Vibroso strinse le labbra attendendo...
"Ma..." disse Gabe alzando un dito. "Mi hai rovinato
la vacanza proprio sul piu' bello e questo ti costera' caro!"
Detto questo Gabe si giro' sui tacchi per cominciare il lavoro.
"C'e' un camino nell'ala gia' pronta..." le disse Vibroso.
Gabe si volto', fisso' i tre e annui'. "Grazie." disse
semplicemente, poi li fisso' ancora e per qualche secondo nessuno
ebbe il coraggio di muoversi. "Che state aspettando li' impalati?
Al lavoro!" urlo' poi voltando di nuovo le spalle e dirigendosi
verso la sua bolla.
*****
Il lago naturale di roccia era ancora meglio della vasca da bagno,
e Gabe stava davvero cercando di dimenticare - almeno per qualche
momento - il nervosismo delle vacanze interrotte e il pesante lavoro
che l'aveva tenuta impegnata per ore. I muscoli si stavano rilassando
coni massaggi esperti di Calvin e il vapore profumato la stava davvero
calmando.
"Vibroso sa certo come prendermi..." mormoro' la maga
mentre Calvin la avvicinava di piu' a se'.
"Quando mi ha contattato pensavo ti fosse successo qualcosa..."
disse il mago irlandese.
"Cosa?"
"Non so... magari avevi litigato e ti avevano buttato fuori
dalla scuola..." ridacchio'.
Gabe scosse la testa. "Non oserebbero mai!"
"Lo so..."
I due risero perr qualche secondo.
"Pero' poi ho ricevuto un gufo dalla Prefettura degli Auror
di Cork e... ho deciso di venire subito."
Gabe si irrigidi' un po'. "Gli Auror di Cork?" disse girandosi
verso Calvin.
Lui abbasso' per un attimo lo sguardo. "Avrei voluto tenere
fuori il lavoro, ma non riuscivo a cavare un ragno dal buco, come
dite voi, per trovare la tomba di tua madre. Le indicazioni di tuo
padre erano troppo vaghe..."
"E hai chiamato i tuoi amici sbirri!"
Calvin aggrotto' la fronte, seccato. "Solo perche' non sei
riuscita a diventare un Auror, adesso devi odiarli tutti..."
scosse la testa. "Non capisco perche'!"
Gabe fece per ribattere, poi ci ripenso'. "Non voglio parlarne!"
"Va bene," accetto' lui. "Te l'ho detto solo perche'...
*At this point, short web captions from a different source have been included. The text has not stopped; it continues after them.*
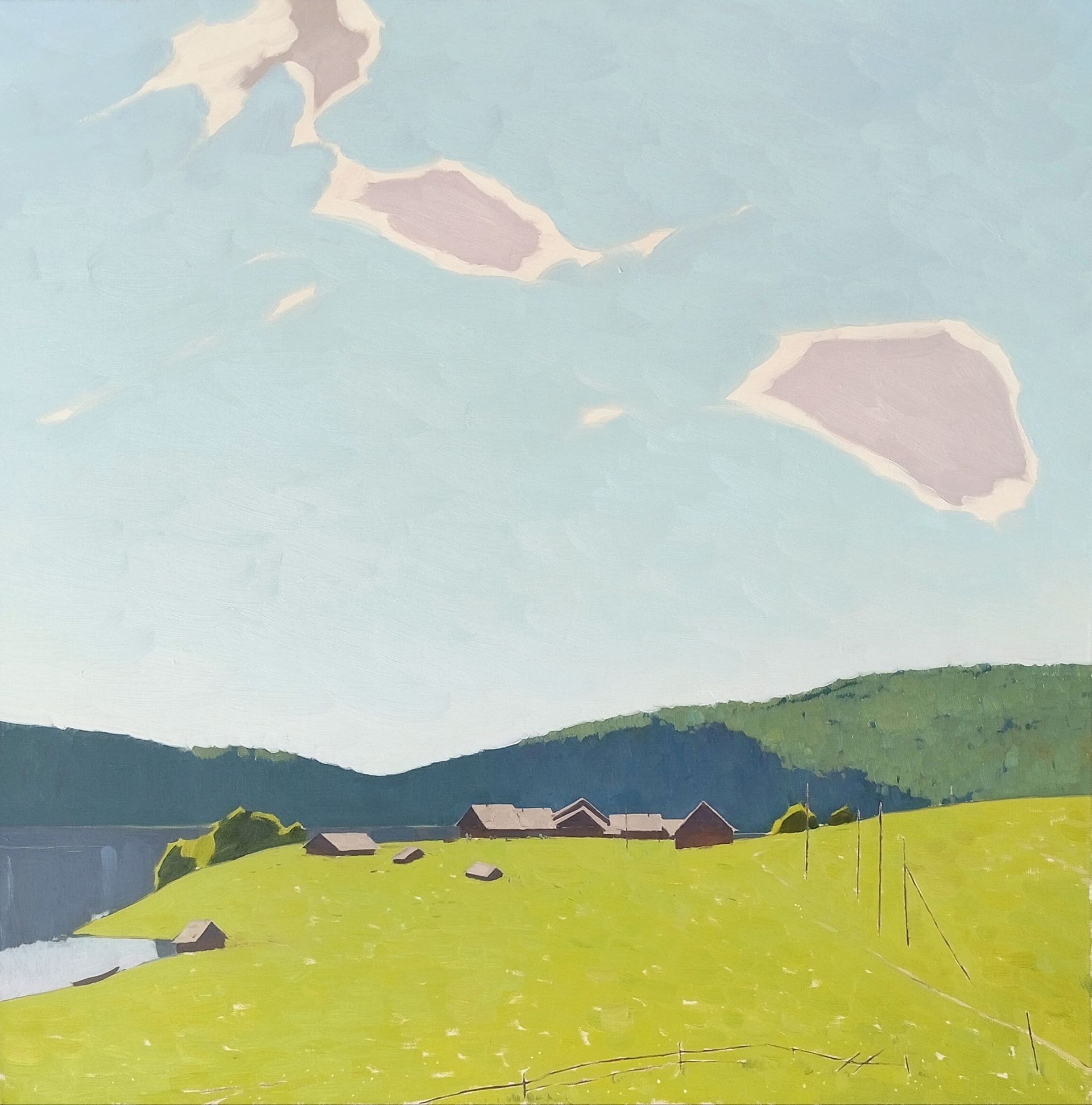 Илья Шанин (Картина, живопись - 
                  90 x 90 см) Полдень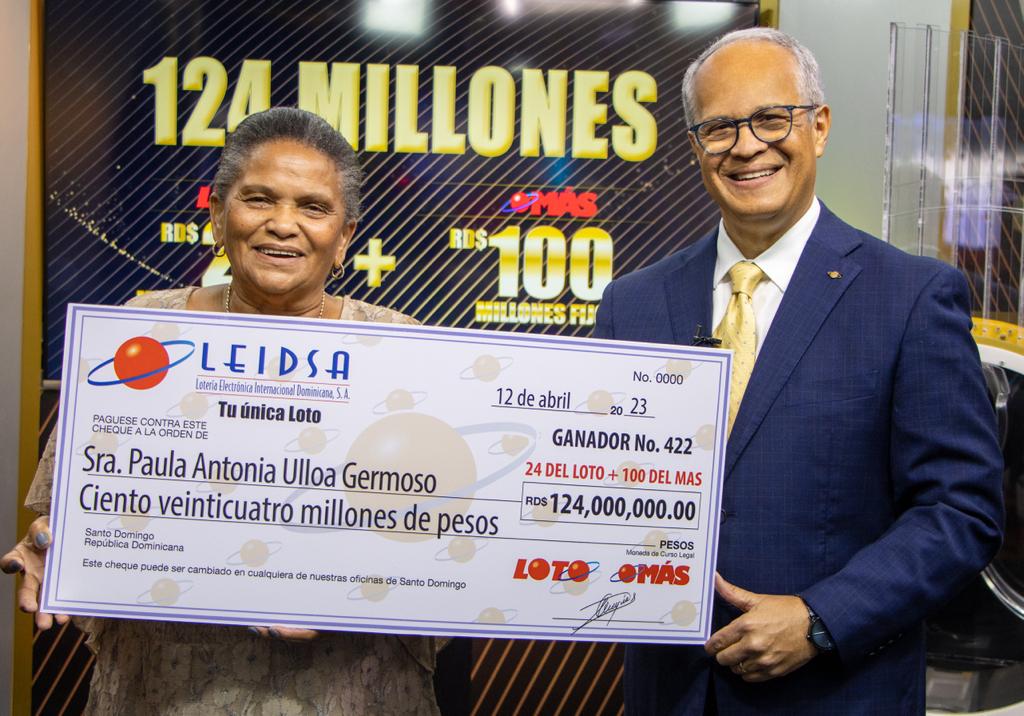 LEIDSA entrega 124 millones a la millonaria número 422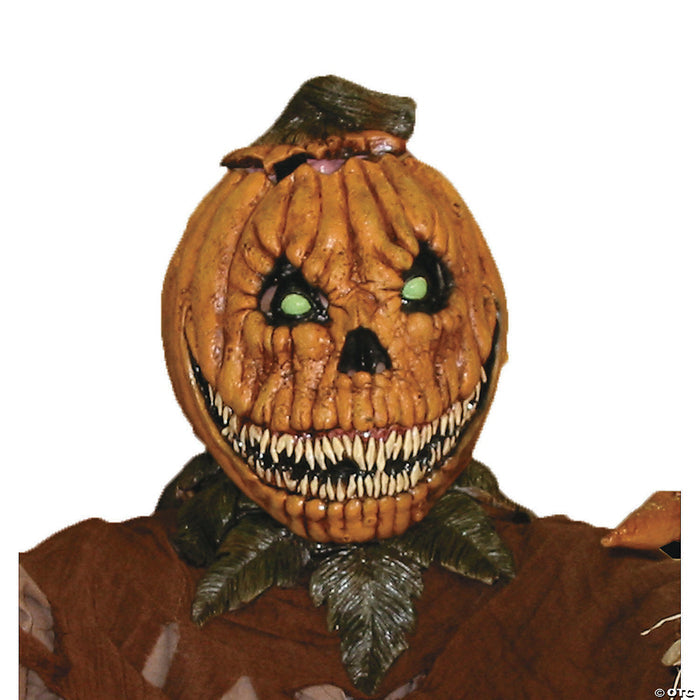 Pumpkin rot latex mask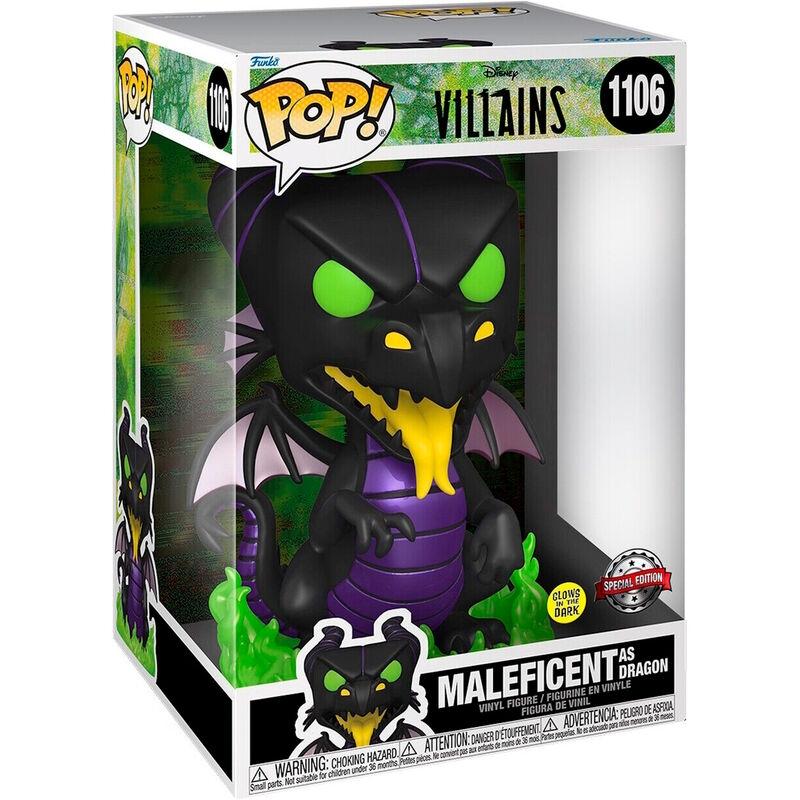 POP figur Disney Villains Maleficent som drage Eksklusiv 25cm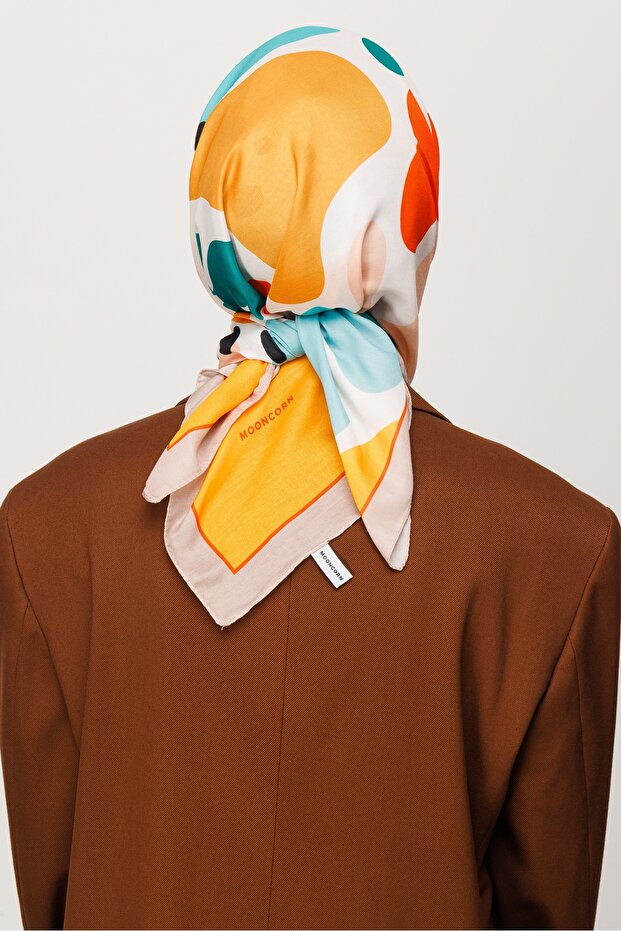 Bloom Pattern Digital Soft Scarf - 1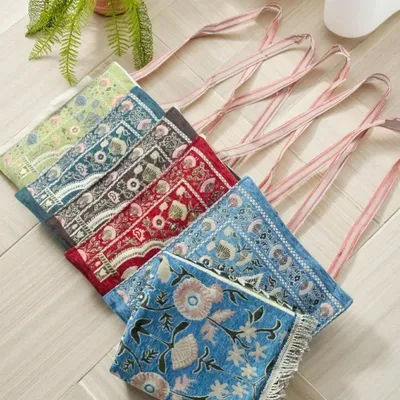 Ensemble de 2 tapis de prière musulmans avec sac, couverture Portable en Polyester, tapis islamique avec glands, couverture de voyage, tapis de prière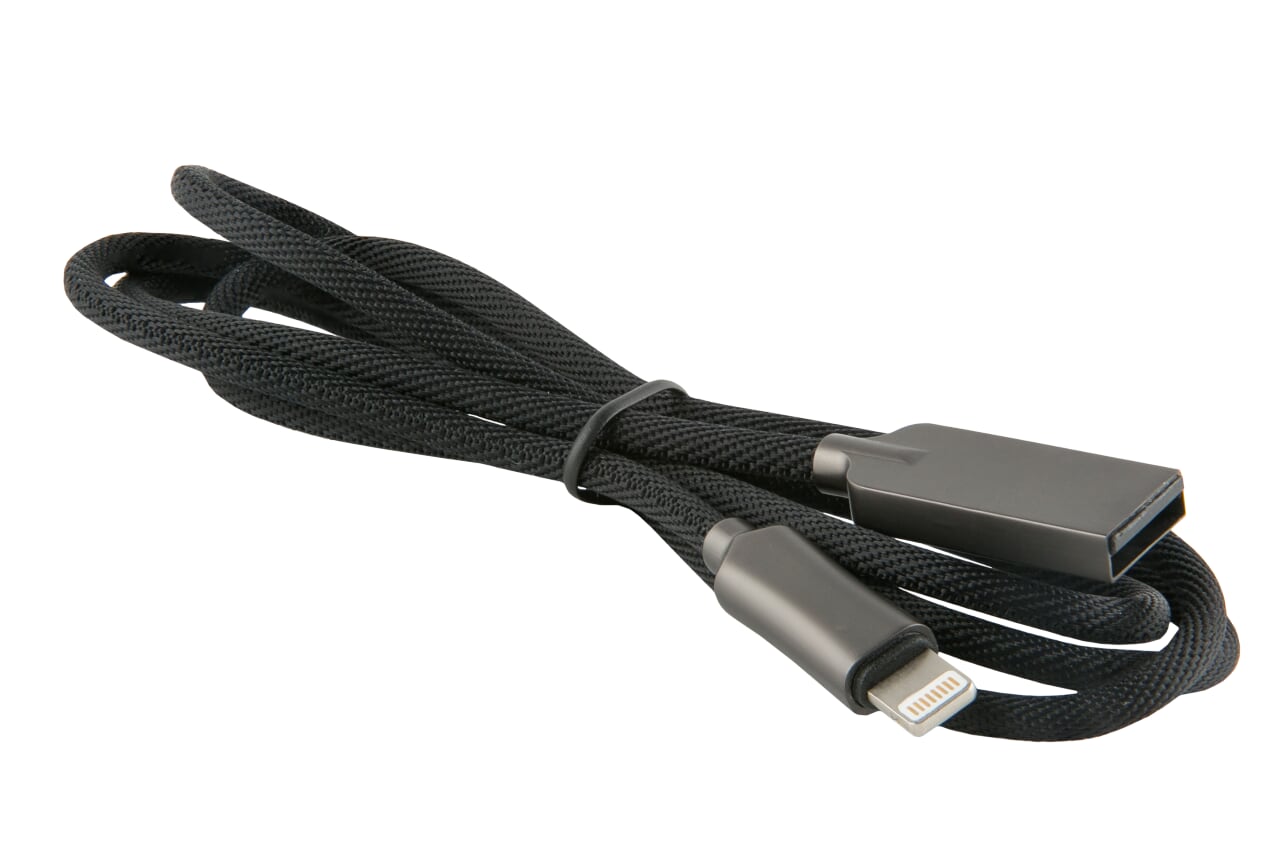 

Кабель USB-Lightning 8-pin, 1м, черный Red Line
beh, i miei amici mi hanno detto che la tomba di tua madre si trova
in un posto che conoscono bene... Un posto dove si sono praticate
spessissimo magie oscure. Un posto che anche oggi serve come rifugio
a quei maghi che vogliono... o vorrebbero, tornare alle Arti Oscure!"
Gabe sgrano' gli occhi.
"Insomma..." concluse Calvin, non senza sforzo. "Tua
madre e' sepolta in un luogo sospetto. Un luogo in cui solo le peggiori
streghe sono state sepolte!"
Il silenzio scese pesante tra i due e solo il rumore calmante dell'acqua
impedi' a Gabe di avere un altro scatto d'ira. "Mia madre e'
stata un mistero da viva... e adesso che e' morta..."
"Gabe," la interruppe Calvin. "Il problema non e'
il mistero. Il problema e' che... in quel posto sono state sepolti
streghe e stregoni che... si dice abbiano trovato il modo di tornare
in vita!" Il mago irlandese abbasso' la voce quasi a un sussurro.
"E non possiamo essere certi che, una volta evocata, tua madre
non tenti di usare la tua magia per tornare a vivere..."
Gabe sospiro' profondamente. "Vorra' dire che..." comincio'
con l'aria stanca "... che tu dovrai stare al mio fianco, e
usare le tue capacita' di Auror per proteggermi!"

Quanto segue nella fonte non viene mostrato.